Dodelin Jeffrey K, Rose Abigail E, Rajpurohit Hemshikha, Eiteman Mark A
Department of Microbiology, University of Georgia, Athens, Georgia, USA.
School of Chemical, Materials and Biomedical Engineering, University of Georgia, Athens, Georgia, USA.
Biotechnol Bioeng. 2025 Mar;122(3):548-560. doi: 10.1002/bit.28902. Epub 2024 Dec 9.
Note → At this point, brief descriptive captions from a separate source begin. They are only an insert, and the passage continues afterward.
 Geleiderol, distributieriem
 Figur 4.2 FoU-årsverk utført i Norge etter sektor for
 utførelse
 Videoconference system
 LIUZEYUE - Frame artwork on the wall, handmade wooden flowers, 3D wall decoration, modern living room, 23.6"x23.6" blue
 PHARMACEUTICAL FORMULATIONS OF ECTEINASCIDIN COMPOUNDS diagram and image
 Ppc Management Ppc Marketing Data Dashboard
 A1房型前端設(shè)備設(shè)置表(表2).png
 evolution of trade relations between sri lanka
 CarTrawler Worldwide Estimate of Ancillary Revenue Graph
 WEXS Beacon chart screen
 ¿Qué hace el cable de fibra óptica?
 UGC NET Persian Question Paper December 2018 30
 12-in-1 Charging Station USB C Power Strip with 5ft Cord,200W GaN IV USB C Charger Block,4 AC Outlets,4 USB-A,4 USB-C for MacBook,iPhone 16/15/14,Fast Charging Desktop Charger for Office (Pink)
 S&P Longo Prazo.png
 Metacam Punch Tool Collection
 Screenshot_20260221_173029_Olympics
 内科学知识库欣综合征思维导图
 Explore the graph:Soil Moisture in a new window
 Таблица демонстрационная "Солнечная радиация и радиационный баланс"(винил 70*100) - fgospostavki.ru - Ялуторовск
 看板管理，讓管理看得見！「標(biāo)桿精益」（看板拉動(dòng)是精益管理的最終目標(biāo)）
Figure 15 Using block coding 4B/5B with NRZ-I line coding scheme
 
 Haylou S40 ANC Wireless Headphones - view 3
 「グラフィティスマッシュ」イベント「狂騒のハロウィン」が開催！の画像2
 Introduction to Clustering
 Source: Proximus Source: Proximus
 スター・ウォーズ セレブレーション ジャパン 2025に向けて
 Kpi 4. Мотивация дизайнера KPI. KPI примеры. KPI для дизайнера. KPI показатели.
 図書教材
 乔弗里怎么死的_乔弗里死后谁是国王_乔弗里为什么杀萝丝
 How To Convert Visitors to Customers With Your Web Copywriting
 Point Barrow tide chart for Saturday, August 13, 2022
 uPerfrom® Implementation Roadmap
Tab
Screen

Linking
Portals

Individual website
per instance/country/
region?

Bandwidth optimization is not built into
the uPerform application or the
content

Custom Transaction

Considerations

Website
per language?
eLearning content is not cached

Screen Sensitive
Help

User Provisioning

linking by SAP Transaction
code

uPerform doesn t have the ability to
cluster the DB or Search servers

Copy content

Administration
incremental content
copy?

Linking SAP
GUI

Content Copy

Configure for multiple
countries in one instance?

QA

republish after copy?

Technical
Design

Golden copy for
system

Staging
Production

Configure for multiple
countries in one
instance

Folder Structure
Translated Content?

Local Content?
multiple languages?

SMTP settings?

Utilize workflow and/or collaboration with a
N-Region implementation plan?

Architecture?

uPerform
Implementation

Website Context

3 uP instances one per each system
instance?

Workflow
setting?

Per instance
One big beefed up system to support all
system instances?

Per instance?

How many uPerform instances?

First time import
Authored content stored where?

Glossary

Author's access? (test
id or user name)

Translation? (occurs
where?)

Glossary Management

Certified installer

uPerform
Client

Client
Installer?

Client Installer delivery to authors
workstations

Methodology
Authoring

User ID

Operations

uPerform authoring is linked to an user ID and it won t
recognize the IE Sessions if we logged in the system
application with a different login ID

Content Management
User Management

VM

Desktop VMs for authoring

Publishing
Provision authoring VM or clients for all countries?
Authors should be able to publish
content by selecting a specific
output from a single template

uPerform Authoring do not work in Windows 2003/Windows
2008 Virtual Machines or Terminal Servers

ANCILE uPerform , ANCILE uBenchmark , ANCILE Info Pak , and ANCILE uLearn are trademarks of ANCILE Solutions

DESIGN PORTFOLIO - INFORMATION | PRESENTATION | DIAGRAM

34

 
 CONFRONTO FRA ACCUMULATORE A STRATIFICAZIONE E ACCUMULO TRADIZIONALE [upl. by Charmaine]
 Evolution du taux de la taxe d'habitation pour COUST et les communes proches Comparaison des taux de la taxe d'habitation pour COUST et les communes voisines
Mevalonate is a biochemical precursor to a wide range of isoprenoids. The mevalonate pathway uses three moles of acetyl-CoA, and therefore native pathways which metabolize acetyl-CoA compete with mevalonate synthesis. Moreover, the final step in mevalonate formation, mediated by hydroxymethylglutaryl-CoA reductase, requires NADPH as a co-substrate. This study focuses on chromosomal modification of citrate synthase (GltA) involved in acetyl-CoA utilization and phosphofructokinase (PfkA) involved in NADPH formation to increase the yield and productivity of mevalonate in Escherichia coli overexpressing the three genes of the heterologous mevalonate pathway. Nine GltA variants were compared for mevalonate production with the ΔgltA knockout and the wild-type GltA strain in shake flasks in the absence and presence of casamino acids. In the presence of casamino acids, all variants generated mevalonate at a greater yield than the wild-type control, but less than the GltA knockout. In the absence of casamino acids, the strain expressing wild-type GltA generated the greatest yield of mevalonate, while most variants instead accumulated primarily acetate. Using the wild-type strain and two citrate synthase variants, four phosphofructokinase variants were also compared with the ΔpfkA knockout and the wild-type strain, but PfkA variants generated less mevalonate than the corresponding wild-type PfkA strain. Controlled processes at the 1-liter scale comparing five strains demonstrated the inverse relationship between yield and productivity, with the GltA[K167A] variant showing the best balance for the yield (0.20 g/g) and productivity (0.87 g/L h). A nitrogen-limited process using the GltA[K167A] variant generated 36.9 g/L mevalonate in 31 h at a yield of 0.31 g/g. This study demonstrates that GltA variants offer a means to affect intracellular acetyl-CoA pools for the generation of acetyl-CoA derived products and that the acetyl-CoA pool rather than NADPH availability is the important limiting factor for mevalonate production.
甲羟戊酸是多种类异戊二烯的生化前体。甲羟戊酸途径消耗三摩尔乙酰辅酶A,因此代谢乙酰辅酶A的天然途径与甲羟戊酸合成相互竞争。此外,由甲羟戊酸单酰辅酶A还原酶介导的甲羟戊酸形成的最后一步需要NADPH作为共底物。本研究聚焦于参与乙酰辅酶A利用的柠檬酸合酶(GltA)和参与NADPH形成的磷酸果糖激酶(PfkA)的染色体修饰,以提高在异源甲羟戊酸途径的三个基因过表达的大肠杆菌中甲羟戊酸的产量和生产率。在有无酪蛋白氨基酸的情况下,在摇瓶中比较了九个GltA变体与ΔgltA敲除菌株和野生型GltA菌株的甲羟戊酸产量。在有酪蛋白氨基酸的情况下,所有变体产生甲羟戊酸的产量均高于野生型对照,但低于GltA敲除菌株。在无酪蛋白氨基酸的情况下,表达野生型GltA的菌株产生甲羟戊酸的产量最高,而大多数变体主要积累乙酸盐。使用野生型菌株和两个柠檬酸合酶变体,还将四个磷酸果糖激酶变体与ΔpfkA敲除菌株和野生型菌株进行了比较,但PfkA变体产生的甲羟戊酸比相应的野生型PfkA菌株少。在1升规模下比较五个菌株的受控过程表明产量和生产率之间呈反比关系,GltA[K167A]变体在产量(0.20 g/g)和生产率(0.87 g/L·h)方面表现出最佳平衡。使用GltA[K167A]变体的氮限制过程在31小时内产生了36.9 g/L甲羟戊酸,产量为0.31 g/g。本研究表明,GltA变体提供了一种影响细胞内乙酰辅酶A库以生成乙酰辅酶A衍生产品的方法,并且乙酰辅酶A库而非NADPH的可用性是甲羟戊酸生产的重要限制因素。